When I was very young there was me and not much else. I was aware of the noisy mystery of other children, but at a distance. Adults were further still, these abstract forces that limited my world but could not perceive or interact. I was happy and cared for, but existed so deeply within my imagination that it was more a fugue state than a developmental stage. I was ten before I saw other humans as real things worth investing in, and while I adapted quickly, the narcissism of a singular being never quite left me.
As an adolescent I began to understand that the ease and freedom that I possesed was the product of the work, worry, and obligation of the adults who cared for me. I loved them for the sacrifice, but I still couldn’t imagine who they were apart from that. The weight seemed to be the whole of them. I assumed the parts I couldn’t see had been amputated by circumstance. I mourned the life I would have lived in their stead, and it never occurred to ask if they were happy. This feeling stayed with me.
By my early twenties this unease with adulthood had metastasized into a full blown phobia. The idea of a proper life was so suffocating that I existed in defiance of it. I was independent and had a stable job, but possessed virtually none of the usual trappings of adulthood. No drivers license, passport, credit card, significant property, or relationship that I couldn’t walk away from on a whim. In pursuit of freedom I rejected personhood. I feared being too heavy and wound up weightless and adrift.

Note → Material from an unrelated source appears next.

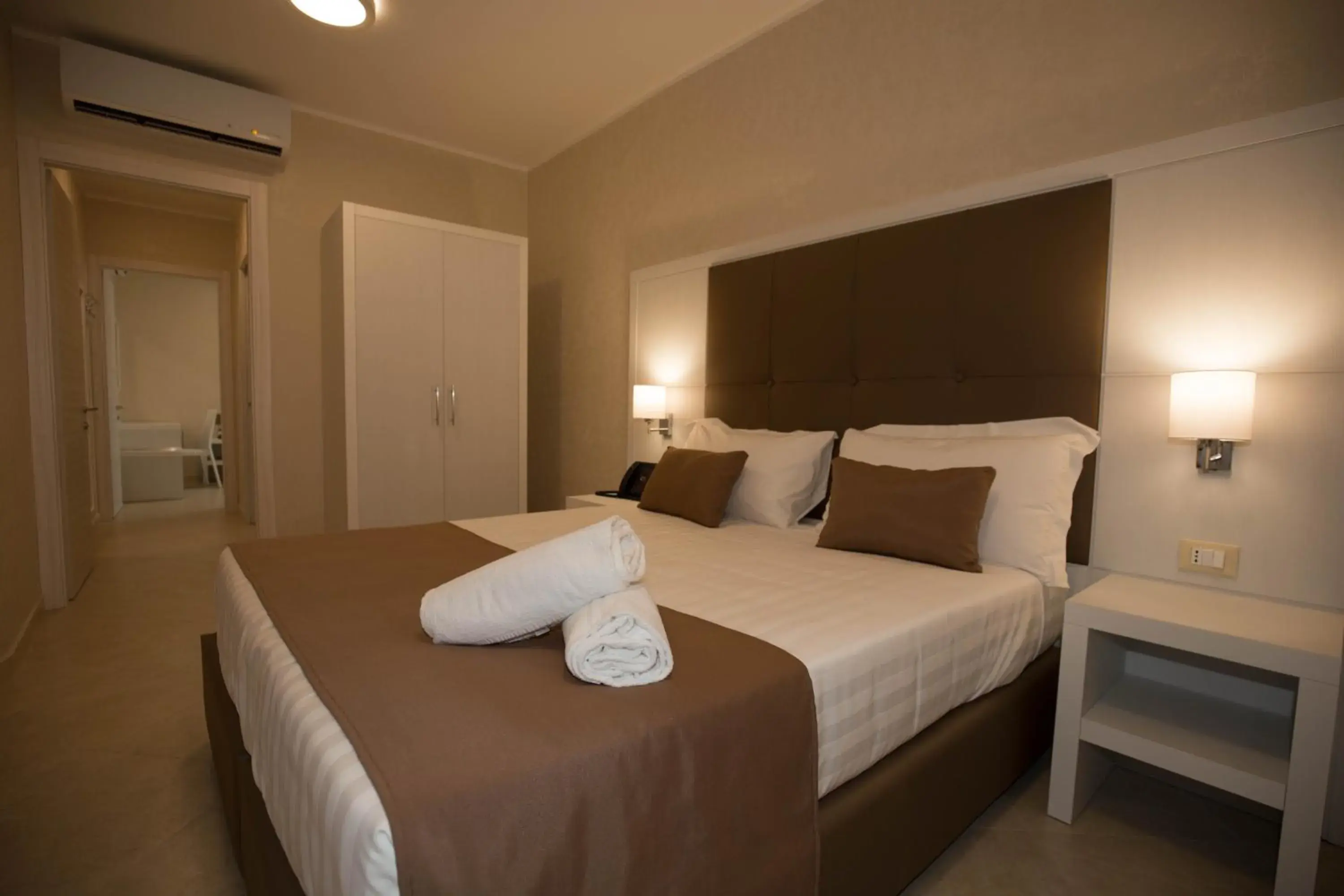 Bed in La Serenissima Hotel Bed in La Serenissima Hotel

I am now in my late thirties and understand that there is no such thing as an adult. There is no epiphany, no gathering of weight or wisdom, no certificate of completion that begins the next stage The point of separation, should one reach it, is deciding what your life is about and moving in that direction, or continuing to drift. As a child I imagined that an unhappy world awaited me, and I did not understand that it was within me to create otherwise. But I had to try.